EXERCISE:
Leave out every line that comes before the one containing "Minareto della moschea", and reproduce the rest of the listing below exactly, through its last line.

RECORDS PROVIDED:
────────────────────────────────────────

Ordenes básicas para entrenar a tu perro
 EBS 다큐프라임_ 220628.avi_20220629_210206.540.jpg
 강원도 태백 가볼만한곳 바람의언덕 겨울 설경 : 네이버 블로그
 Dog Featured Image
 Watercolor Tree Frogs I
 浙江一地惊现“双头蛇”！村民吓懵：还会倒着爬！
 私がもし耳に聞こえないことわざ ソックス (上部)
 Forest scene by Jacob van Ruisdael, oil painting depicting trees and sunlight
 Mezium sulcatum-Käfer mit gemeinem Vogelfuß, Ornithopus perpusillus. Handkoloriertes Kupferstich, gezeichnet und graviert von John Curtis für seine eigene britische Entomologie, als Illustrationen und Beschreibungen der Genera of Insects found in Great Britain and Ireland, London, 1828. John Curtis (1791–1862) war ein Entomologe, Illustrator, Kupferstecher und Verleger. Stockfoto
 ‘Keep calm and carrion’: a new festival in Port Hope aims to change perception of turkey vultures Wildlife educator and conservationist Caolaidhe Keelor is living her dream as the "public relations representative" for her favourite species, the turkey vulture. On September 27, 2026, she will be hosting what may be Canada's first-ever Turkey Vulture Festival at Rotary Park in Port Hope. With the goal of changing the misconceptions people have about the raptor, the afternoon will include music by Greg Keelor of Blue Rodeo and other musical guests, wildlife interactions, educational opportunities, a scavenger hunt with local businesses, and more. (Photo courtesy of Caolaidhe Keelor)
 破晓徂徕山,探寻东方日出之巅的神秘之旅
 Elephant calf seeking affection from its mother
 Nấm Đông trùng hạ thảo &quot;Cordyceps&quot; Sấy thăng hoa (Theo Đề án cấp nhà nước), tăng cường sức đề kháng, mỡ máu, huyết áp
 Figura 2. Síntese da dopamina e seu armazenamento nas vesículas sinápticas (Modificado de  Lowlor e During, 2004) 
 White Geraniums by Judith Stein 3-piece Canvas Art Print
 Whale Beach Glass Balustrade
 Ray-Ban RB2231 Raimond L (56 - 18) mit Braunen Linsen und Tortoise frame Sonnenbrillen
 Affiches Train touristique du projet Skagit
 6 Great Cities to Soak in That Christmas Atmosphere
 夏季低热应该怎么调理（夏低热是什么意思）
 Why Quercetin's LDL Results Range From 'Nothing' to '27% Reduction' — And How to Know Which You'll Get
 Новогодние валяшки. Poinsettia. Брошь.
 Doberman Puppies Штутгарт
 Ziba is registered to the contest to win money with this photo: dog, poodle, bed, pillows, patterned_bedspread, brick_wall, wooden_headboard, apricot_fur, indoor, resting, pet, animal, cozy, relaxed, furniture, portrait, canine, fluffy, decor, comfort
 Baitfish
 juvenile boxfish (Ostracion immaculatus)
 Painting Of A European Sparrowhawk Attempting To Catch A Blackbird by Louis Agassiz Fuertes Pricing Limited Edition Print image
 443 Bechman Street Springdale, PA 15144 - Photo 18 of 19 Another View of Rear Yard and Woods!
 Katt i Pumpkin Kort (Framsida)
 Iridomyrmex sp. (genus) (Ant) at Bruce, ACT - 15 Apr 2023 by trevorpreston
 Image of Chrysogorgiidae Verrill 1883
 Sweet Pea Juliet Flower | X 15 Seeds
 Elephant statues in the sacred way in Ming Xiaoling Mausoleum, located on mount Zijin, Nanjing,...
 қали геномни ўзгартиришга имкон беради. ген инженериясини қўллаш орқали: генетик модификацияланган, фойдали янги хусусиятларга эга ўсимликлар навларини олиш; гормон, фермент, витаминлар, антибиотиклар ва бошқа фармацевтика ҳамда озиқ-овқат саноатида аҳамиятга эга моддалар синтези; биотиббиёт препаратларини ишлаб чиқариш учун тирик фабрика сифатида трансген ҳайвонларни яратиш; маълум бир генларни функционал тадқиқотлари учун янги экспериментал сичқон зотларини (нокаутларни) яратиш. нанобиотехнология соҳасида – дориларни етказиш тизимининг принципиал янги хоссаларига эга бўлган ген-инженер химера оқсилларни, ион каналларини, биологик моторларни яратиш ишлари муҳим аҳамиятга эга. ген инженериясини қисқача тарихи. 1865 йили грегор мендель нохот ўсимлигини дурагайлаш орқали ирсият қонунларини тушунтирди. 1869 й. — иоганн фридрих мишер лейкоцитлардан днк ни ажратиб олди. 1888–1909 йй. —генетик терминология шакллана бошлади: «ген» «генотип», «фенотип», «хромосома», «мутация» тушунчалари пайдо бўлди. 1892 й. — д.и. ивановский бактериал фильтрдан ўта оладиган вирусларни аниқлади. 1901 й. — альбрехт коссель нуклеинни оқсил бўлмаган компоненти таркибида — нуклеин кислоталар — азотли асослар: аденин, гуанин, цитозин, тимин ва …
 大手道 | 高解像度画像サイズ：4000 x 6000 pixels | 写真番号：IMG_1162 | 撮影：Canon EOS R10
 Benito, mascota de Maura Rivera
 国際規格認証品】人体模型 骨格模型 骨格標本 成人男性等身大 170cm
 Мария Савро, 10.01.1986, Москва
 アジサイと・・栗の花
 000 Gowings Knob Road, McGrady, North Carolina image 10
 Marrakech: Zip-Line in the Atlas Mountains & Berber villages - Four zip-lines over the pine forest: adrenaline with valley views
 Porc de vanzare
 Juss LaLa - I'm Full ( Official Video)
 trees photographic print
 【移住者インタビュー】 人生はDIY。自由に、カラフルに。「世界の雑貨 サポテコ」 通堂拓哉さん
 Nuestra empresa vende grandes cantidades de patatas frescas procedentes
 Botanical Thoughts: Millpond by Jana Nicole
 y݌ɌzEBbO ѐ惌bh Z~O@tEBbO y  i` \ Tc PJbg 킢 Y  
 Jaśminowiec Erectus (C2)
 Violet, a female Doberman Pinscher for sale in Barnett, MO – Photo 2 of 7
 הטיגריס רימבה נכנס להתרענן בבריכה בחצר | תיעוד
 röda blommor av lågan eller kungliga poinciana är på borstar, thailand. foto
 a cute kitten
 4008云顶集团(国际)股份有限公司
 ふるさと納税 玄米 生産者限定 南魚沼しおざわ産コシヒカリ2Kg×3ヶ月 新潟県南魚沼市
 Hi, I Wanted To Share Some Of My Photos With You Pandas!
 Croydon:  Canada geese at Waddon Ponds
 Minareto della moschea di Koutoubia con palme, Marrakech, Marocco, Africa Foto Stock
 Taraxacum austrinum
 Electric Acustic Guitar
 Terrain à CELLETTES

────────────────────────────────────────

ANSWER:
 Minareto della moschea di Koutoubia con palme, Marrakech, Marocco, Africa Foto Stock
 Taraxacum austrinum
 Electric Acustic Guitar
 Terrain à CELLETTES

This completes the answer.